Status of the USGMRL single-kernel wheat characterization system (SKWCS).
(Reviewed at the ICC Meeting at Vienna, Austria.)
The need for and development of an objective wheat classification
system to be used by the USDA, Federal Grain Inspection Service
(FGIS) are reviewed with a historical perspective. This presentation
includes a brief description of three single kernel hardness determination
methods tested by the FGIS before selecting the USGMRL-SKWCS.
The methods described are: grinding as developed by the ARS,
Beltsville Instrumentation Laboratory; cutting as developed by
Kansas State University; and crushing as developed by the U.S.

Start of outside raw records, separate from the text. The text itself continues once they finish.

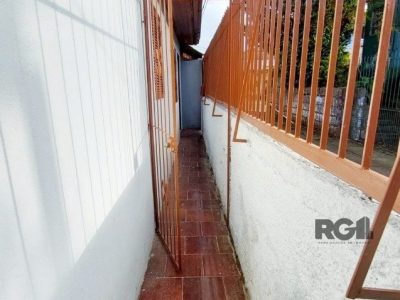 Casa à venda com 112m², 3 quartos, 2 vagas no bairro Cristal em Porto Alegre - Foto 22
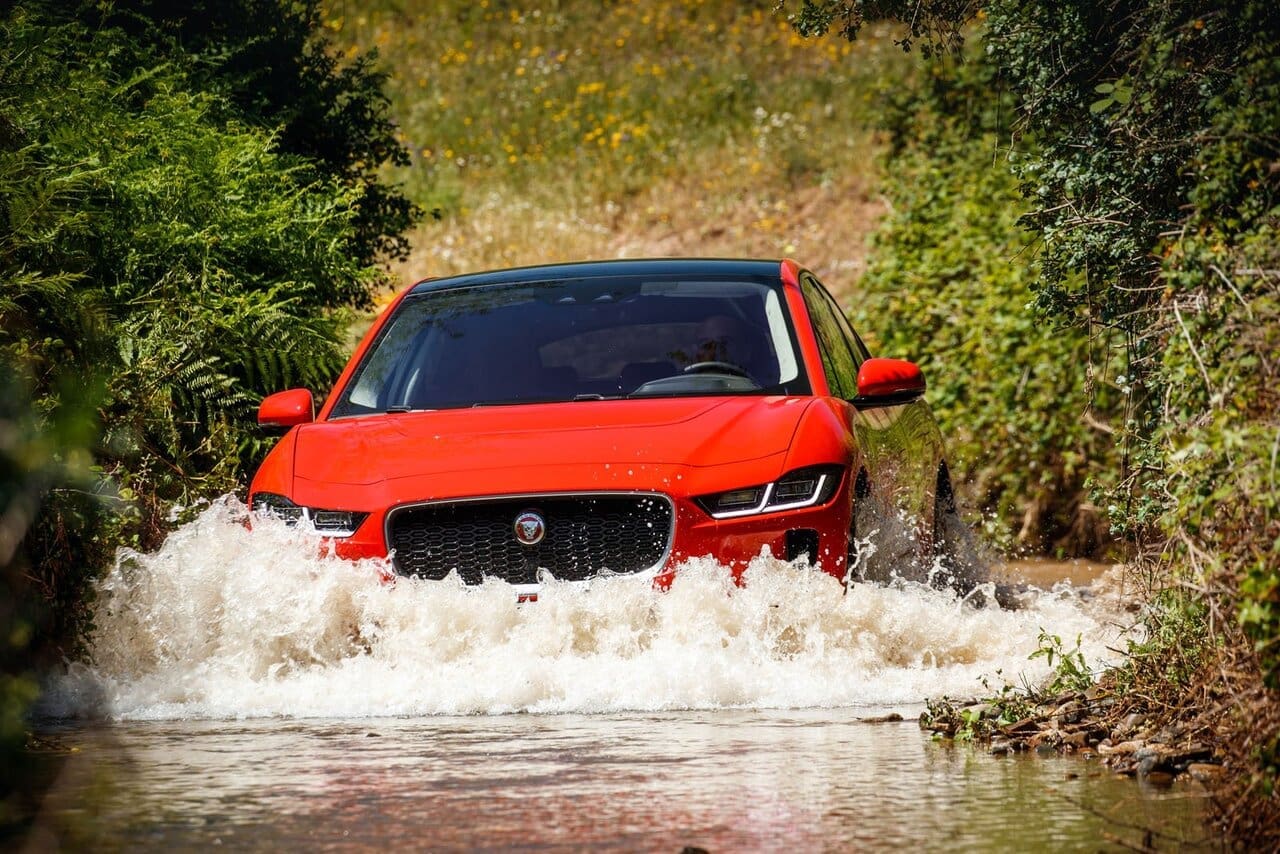 Der Jaguar I-Pace ist der bisher überzeugendste Komplett-Beitrag zum Thema E-Auto: keine Kompromisse, kein Verzicht, hohe Leistung und Reichweite, extreme Fahrfreude und Vielseitigkeit, hohe Qualität.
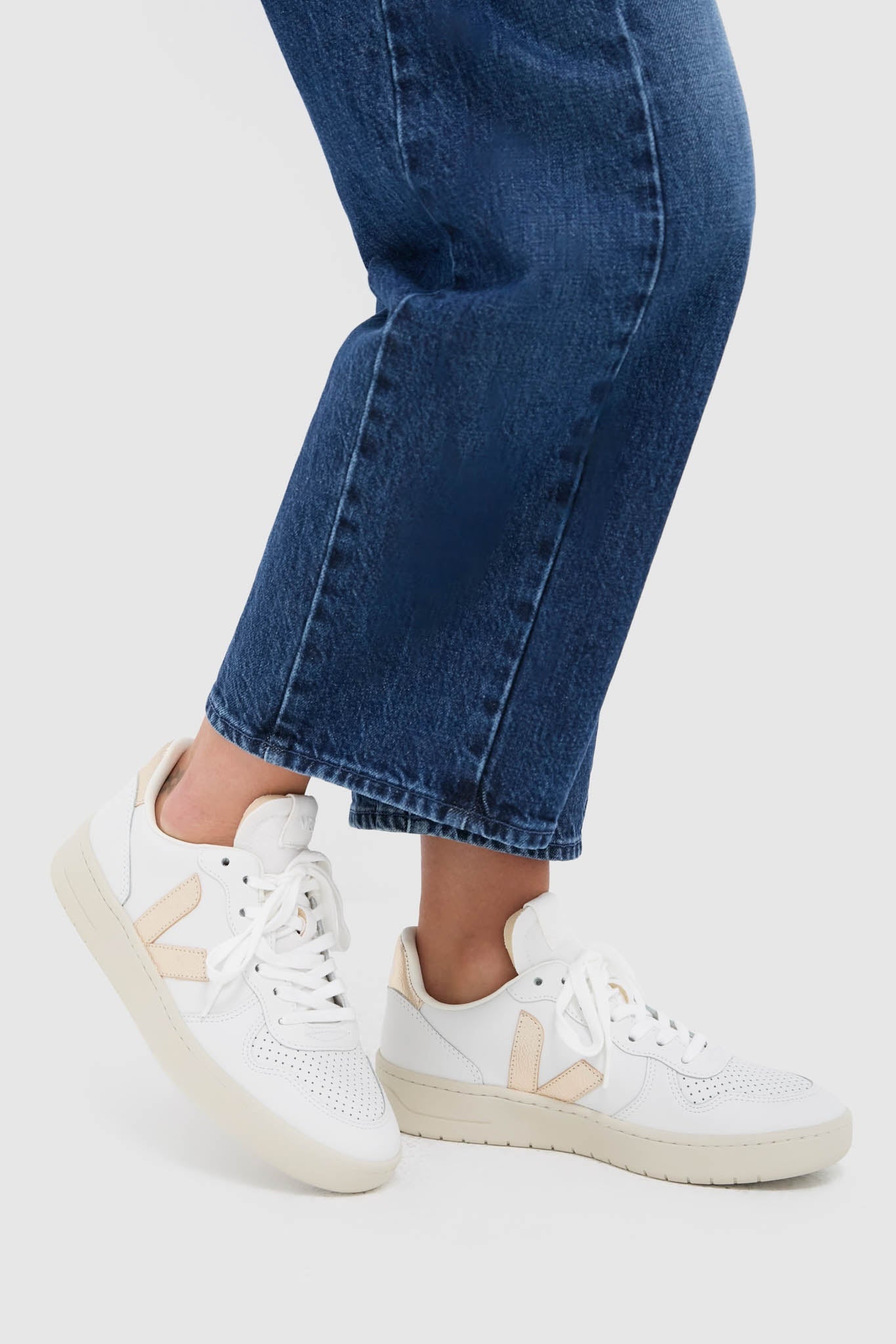 Extra White Platine V-10 Sneakers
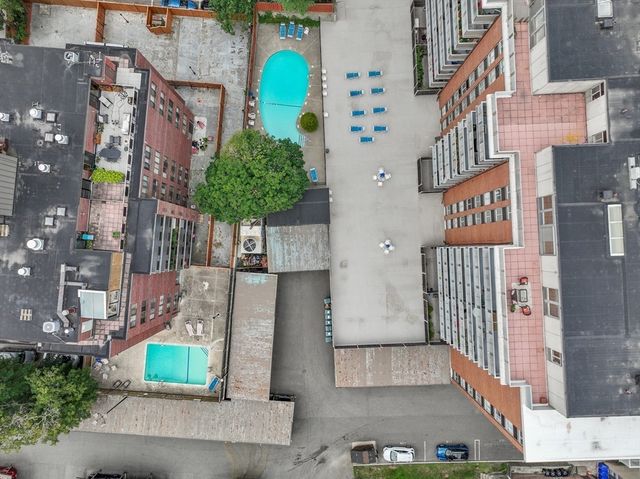 45 Longwood Ave 712, Brookline, MA 02446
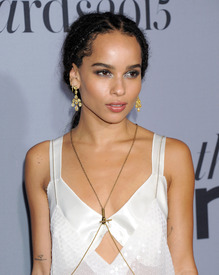 Zoe_Kravitz_arrives_at_the_InStyle_Awards_11.jpg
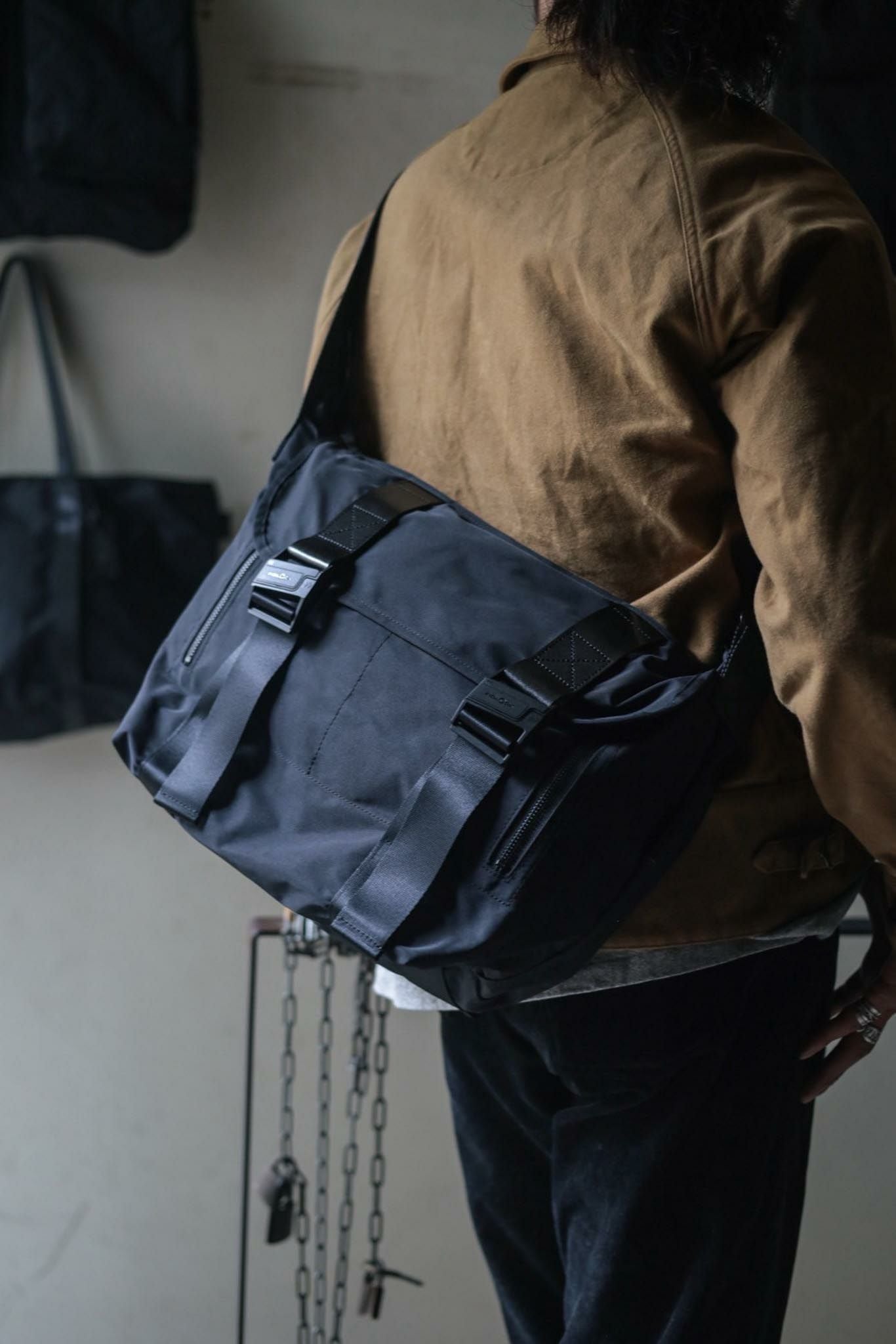 GABARDINE MESSENGER BAG(M) | ARCH ONLINE SHOP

Grain Marketing Research Laboratory (USGMRL). The presentation
primarily describes the following: procedures for single-kernel
physical measurements of weight, size moisture and hardness; computer-controlled
operation of the system; procedures used to establish calibrations
as developed by the USGMRL; classification results obtained by
FGIS after sampling the U.S. common market wheats; system performance
as determined by the USGMRL; recent steps toward commercialization
and evaluation of the system; and several on-going studies to
relate single-kernel properties of wheat to milling performance.

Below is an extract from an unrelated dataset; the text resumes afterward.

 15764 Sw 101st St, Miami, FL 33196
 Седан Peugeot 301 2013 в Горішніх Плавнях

Varietal and environmental effects on wheat and flour quality parameters.
Wheat and flour quality parameters were determined
using 54 hard winter wheat samples from the Wheat Quality Council,
consisting of nine wheat varieties grown at six locations including
Akron, CO; Colby and Hutchinson, KS; Clay Center, NE; Lahoma,
OK; and Vernon, TX. Nine lines were grown and harvested in 1994
by each of five Agricultural Experiment Station sites. Two-way
analysis of variance showed significant effects of both varieties
(V) and growing locations (environment, E) on most quality parameters,
except for no significant V effects on mixograph and bake water
absorptions (WA), dough weights, and dough proof heights and no
significant E effects on mixograph mix time (MT). Three broad
groups of quality parameters were identified: (A) mixograph and
bake MT and mixograph mixing tolerances affected more by V; (B)
wheat physical parameters, ash and protein contents, flour yields,
and mixograph and bake WA affected more by E; and (C) NIR-hardness,
% large kernels, flour color values, and bread volumes and crumb
grains affected similarly by both E & V.